SPOILER YOKTUR.
The Boys, son zamanlarda televizyon ve sinemaya da el atan Amazon’un, Dynamite Entertainment’tan haklarını aldığı bir çizgi roman uyarlaması. Muhtemelen bugüne kadar izlediğiniz en farklı süper kahraman işlerinden biri. Ton olarak Watchmen sınırlarında gezse de, daha samimi, daha içten, ve daha bizden bir hikayesi var.
Bunu tamamen karakterleriyle başarıyor. Çünkü The Boys kağıt üstünde bir süper kahraman dizisi gibi görünse de, aslında kesinlikle öyle değil. Bana göre dizinin en büyük farklılığı olan bu durum, ayrıca en büyük başarısı da.

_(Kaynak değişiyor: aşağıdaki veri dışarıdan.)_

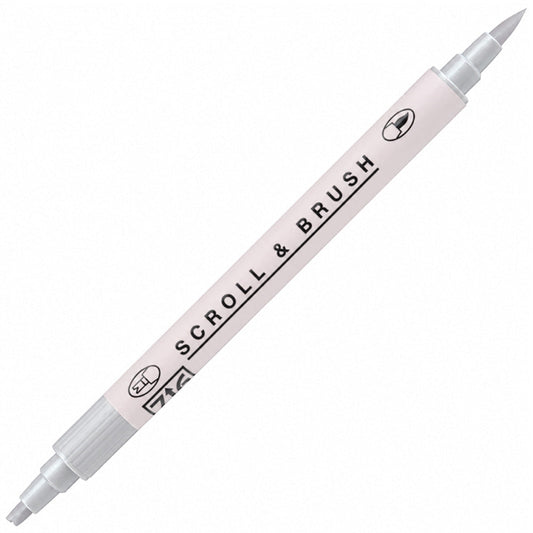 Zig Ms-5000 Scroll & Brush 091 Platinum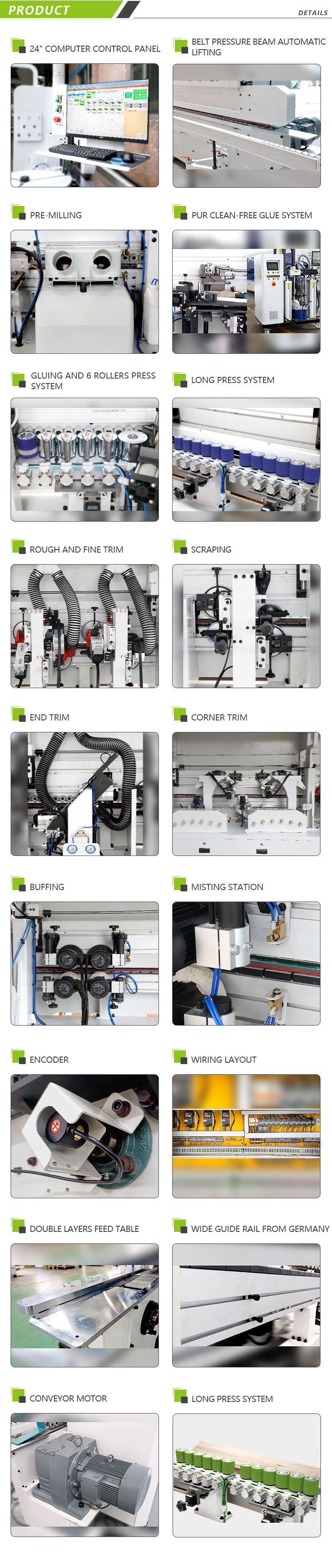 Aluminum Honeycomb Panel Edge Banding Machine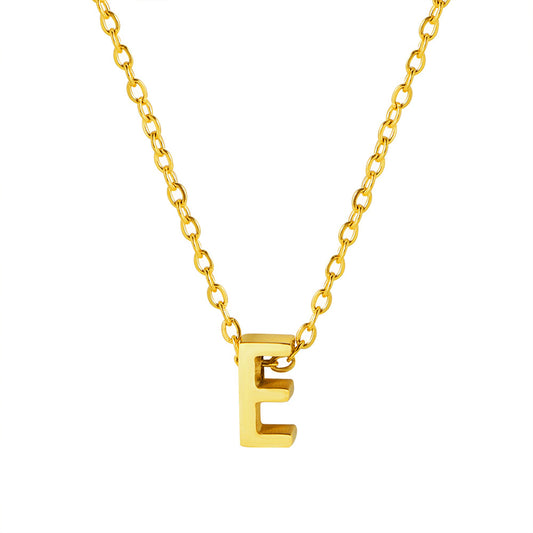 Letter Pendant Necklace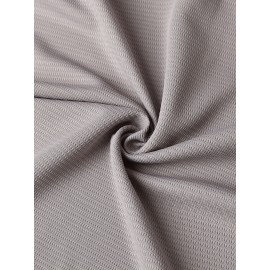 Men's #42 Gray Baseball Jersey - Breathable V-Neck Loose Fit with Red & Blue Lettering, Machine Washable for Training, Hiking, Team Sports & Casual Wear (Sizes S-3XL)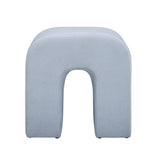 TOV Desi Light Blue Velvet Ottoman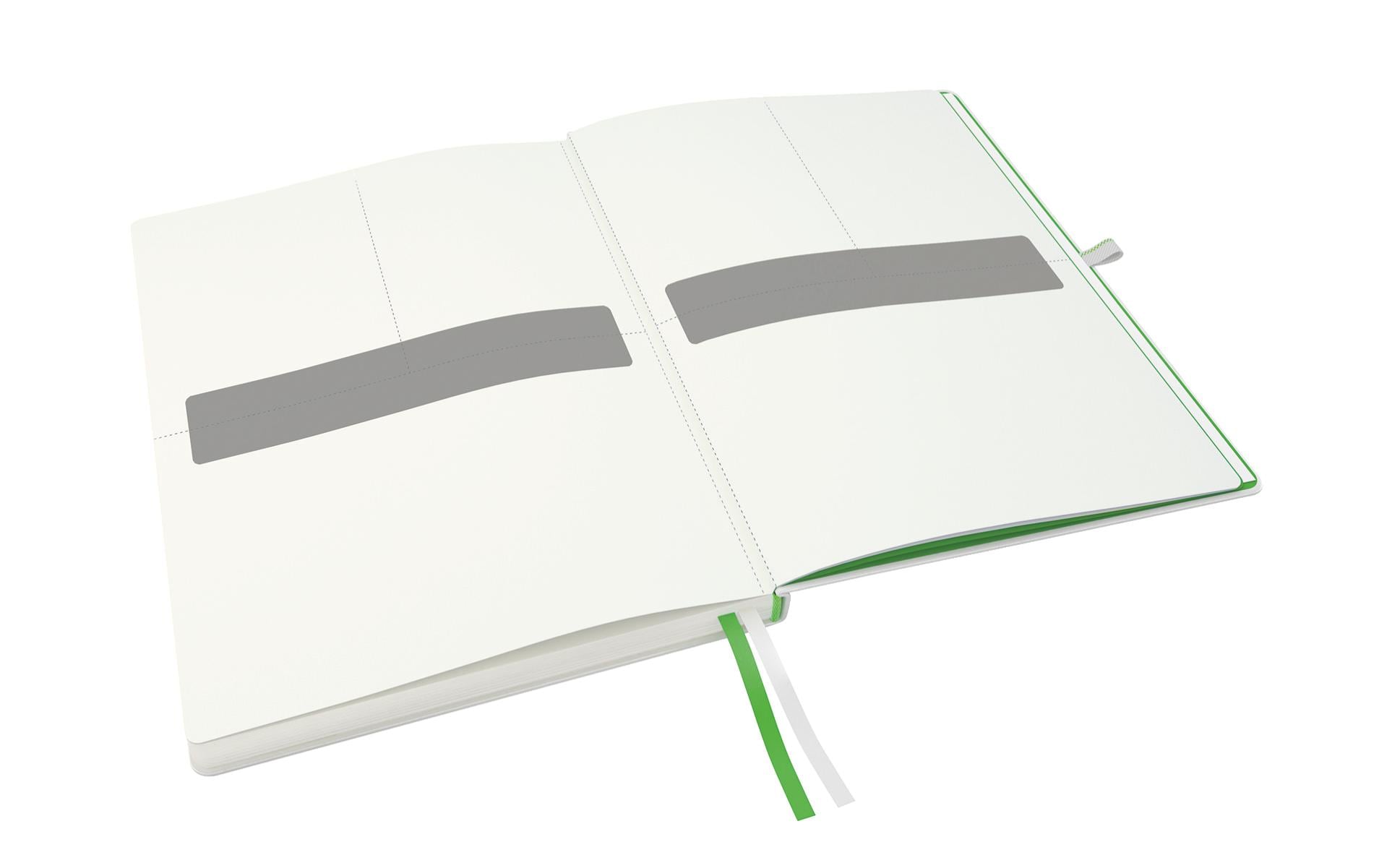 Leitz Notizbuch – A4 – kariert – 80 Seiten – 100 g/m² – Hardcover, weiss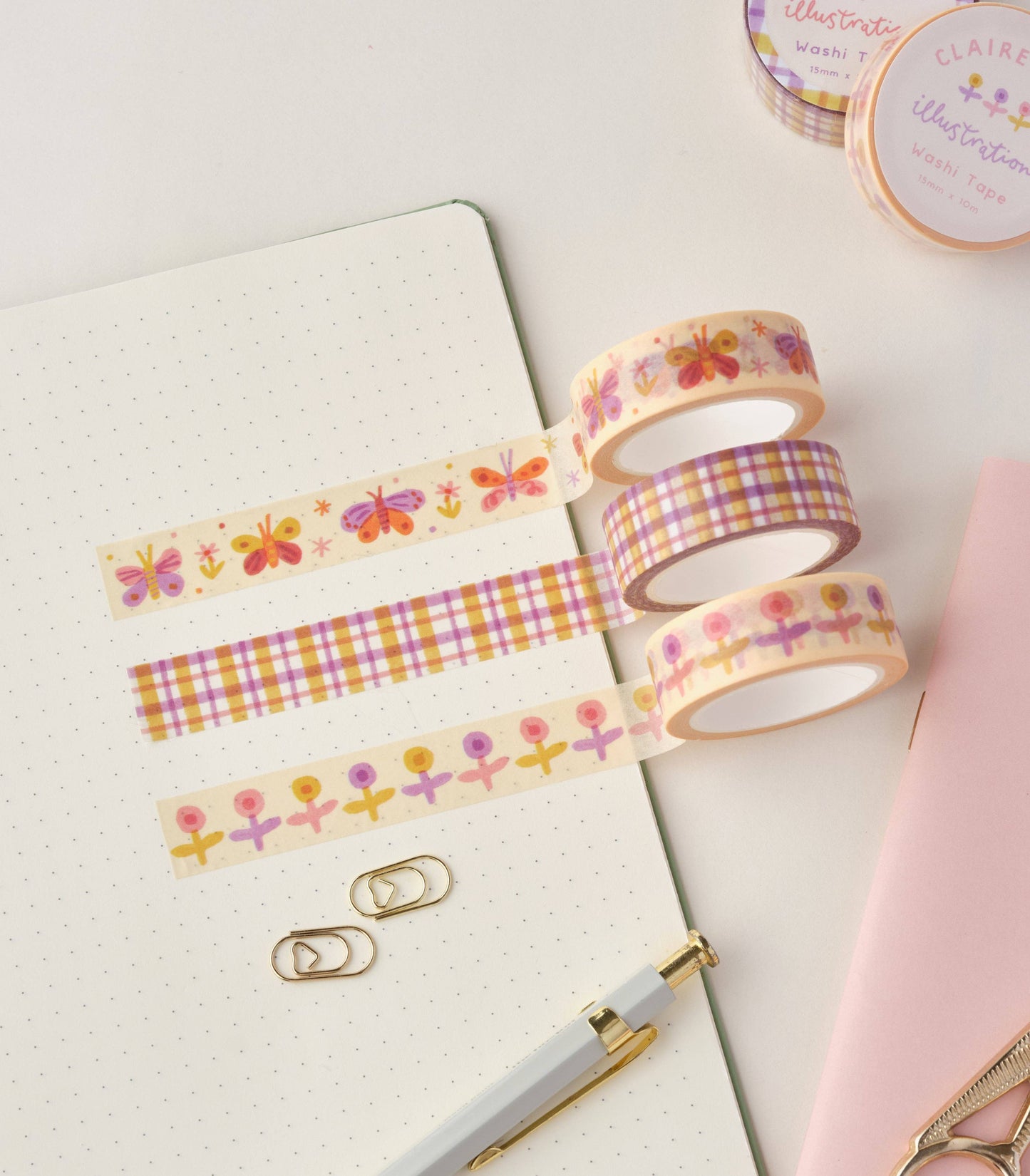 Pastel Buds Washi Tape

Bunun sebebi de hikayenin bir veya birkaç süper kahramanın bakış açısından anlatılmıyor oluşu. Merkezde süper güçlere sahip biri yok. Sıkıcı denebilecek normallikte birkaç insan var. Bu sıradan insanların bütün amacı, aslında süper kahramanlıkla hiç de alakası olmayan, tribünlere oynayan, ve tek derdi kazandıkları para ile itibarları olan birkaç süper güçlü insanın maskesini düşürmek.
Dizinin en güçlü yanlarından biri tam da burada devreye giriyor. Hikayede anlatılan dünya ve karakterler acayip gerçekçi. Hatta korkutucu derecede gerçekçi. Süper kahramanların gerçek olması durumunda toplumumuzda ve sistemimizde nasıl değişiklikler olabileceği çok güzel anlatılıyor. Yıllardır Marvel ve DC’nin anlattığı bir süper kahraman distopyası var, bu dizi o distopyanın üzerine basıp Watchmen seviyesine atıyor kendini.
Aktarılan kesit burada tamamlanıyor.